Steps to report a threat at school

Julia Kado '24, Staff Writer

Julia Kado ’24

Following the recent school shooting at Oxford High School, South’s administration, teachers, and students struggled with heightened anxiety over the proximity of the incident. South has received concerning threats, some even prompted the closing of school on Friday, Dec. 3. Throughout this, it is vital that our community becomes aware of how to report certain threats.

“One of the best ways to keep us safe is if you hear or see something, say something,” South Principal Moussa Hamka said. “One set of eyes only sees so much. 1,300 students with their sets of eyes see much more. We all have to have each others’ blindspots… I think we have an obligation to each other to speak up when we see something.”

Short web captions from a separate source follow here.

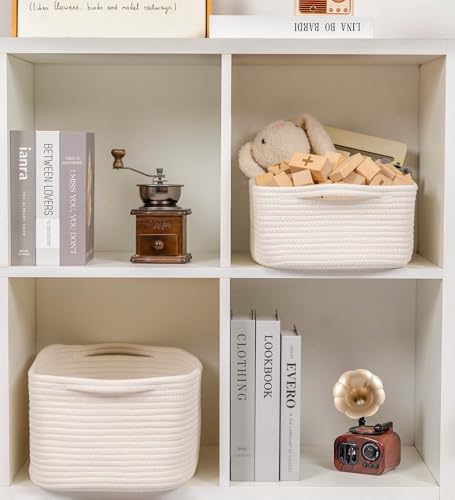 CubesLand Cute and Durable Small Cotton Rope Basket for Organizing | Woven Closet Storage Bin,Shelves Closet Storage Basket, Bathroom Storage Organizer Bin, Nursery Toy Basket Bin, White Basket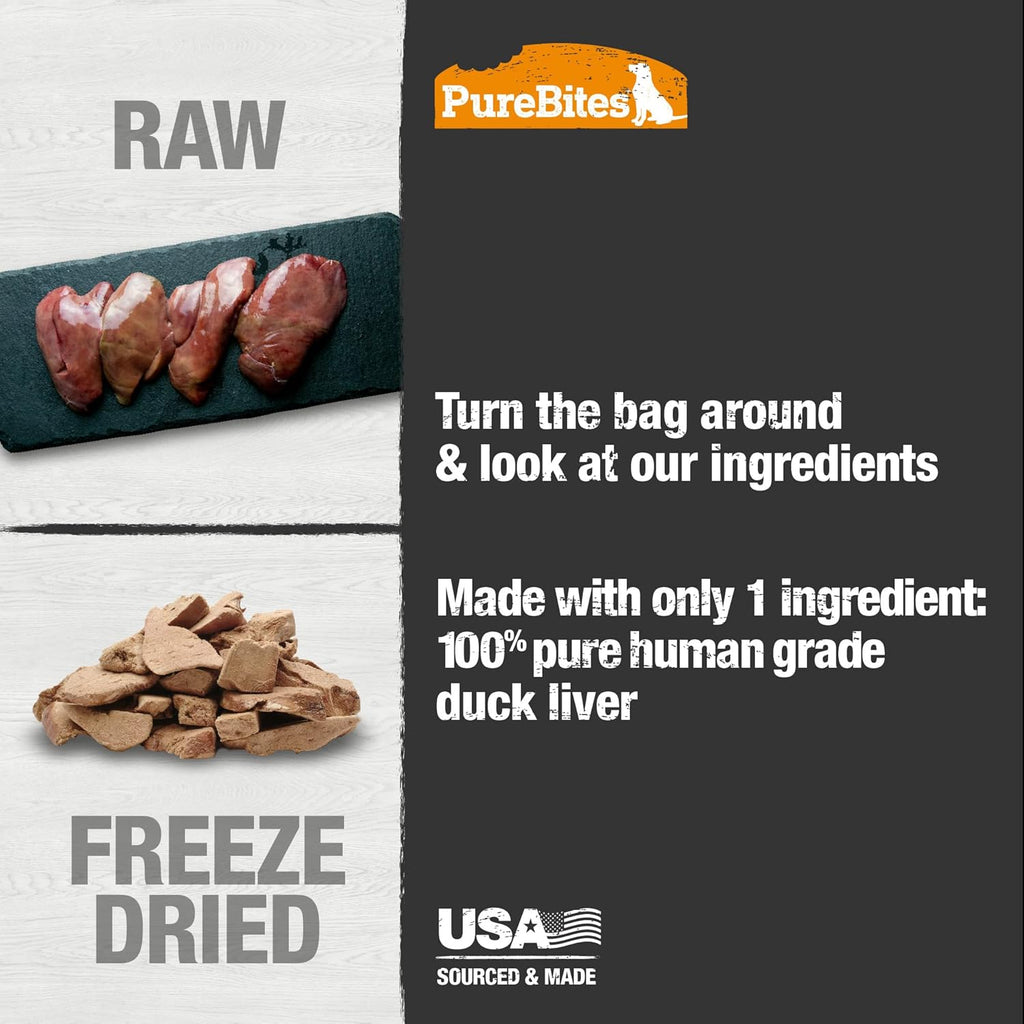 PureBites Duck Liver Freeze Dried Dog Treats 2.6 oz.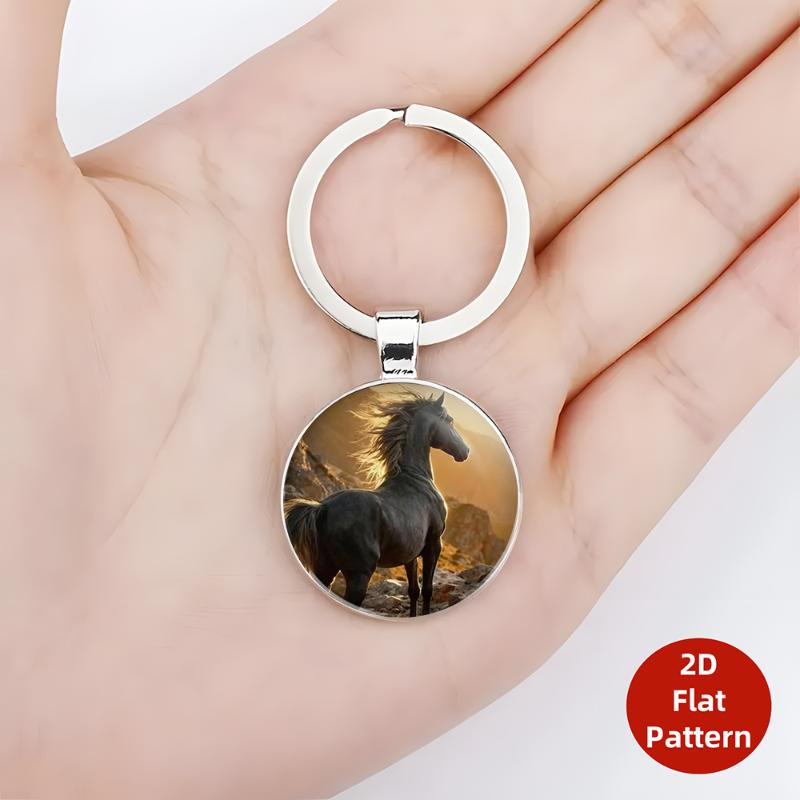 Fashion Vintage Horse Pattern Design Dome Glass Alloy Keychain Backpack Pendant Hanging Decoration Car Keyring Gifts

Many students didn’t feel the impact of the shooting until repercussions started occurring at South. Some were even unaware of threats against the school until Cynthia Parravano, assistant principal, announced that they were being investigated over the PA system during 5th hour on Thursday, Dec. 2. Sophomore Brenna Goodman found that day very disorienting.

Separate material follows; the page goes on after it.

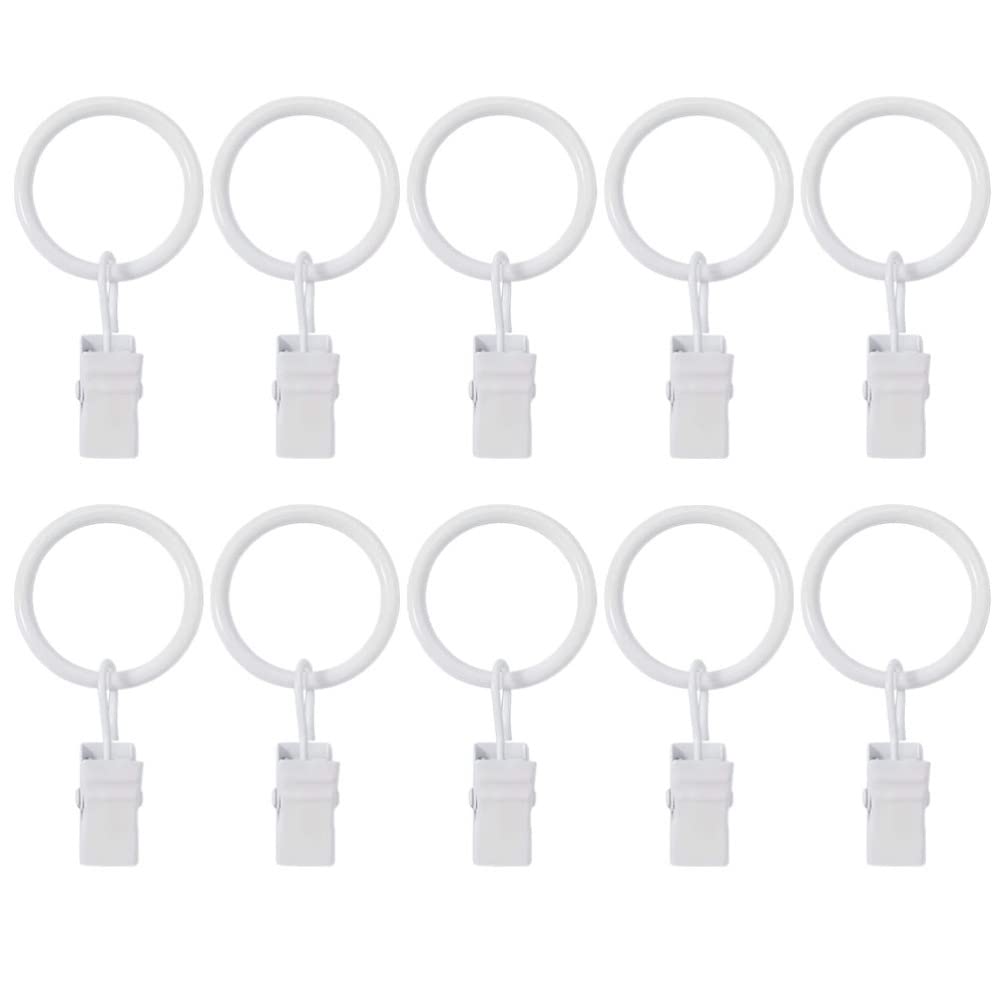 Vintage Iron Curtain Rings with Clips - 10 Pack Heavy Duty Hanging Supplies for Drapes, Shower Curtains & Fabric Bows - White Home & Bathroom Decor (Perfect for Vintage Style Bedrooms, Living Rooms & Bathrooms)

“It was kind of weird, students started leaving, which I think made it worse,” Goodman said. “it wasn’t scary, rather nerve-wracking, anxiousness.”

Joseph Spryszak, fellow assistant principal, explained that it depends on your environment. When at home, it is recommended that you immediately contact the local police via 9-1-1. He recommended texting OK2SAY if uncomfortable directly contacting the police. Students can reach OK2SAY at 6-5-2-7-2-9. Representatives from OK2SAY will then contact school officials and relay the information people gave anonymously.

“There’s a myriad of adults in this building, across the district, and in our local police department who are doing everything we can on a daily basis to keep everybody safe,” Hamka said.

If at school, the best way to report a potential threat is to contact a trusted adult, whether that be a teacher, administrator, or hall monitor.

“We hear their concerns, and I think many can relate, understand, empathize, and maybe even share in those same feelings,” Hamka said. ”We have to hold on to hope, we can’t live in fear, and let the fear paralyze us. We have to live courageously and take sensible, smart measures to do everything we can to mitigate those risks, but we’ll never eliminate them.”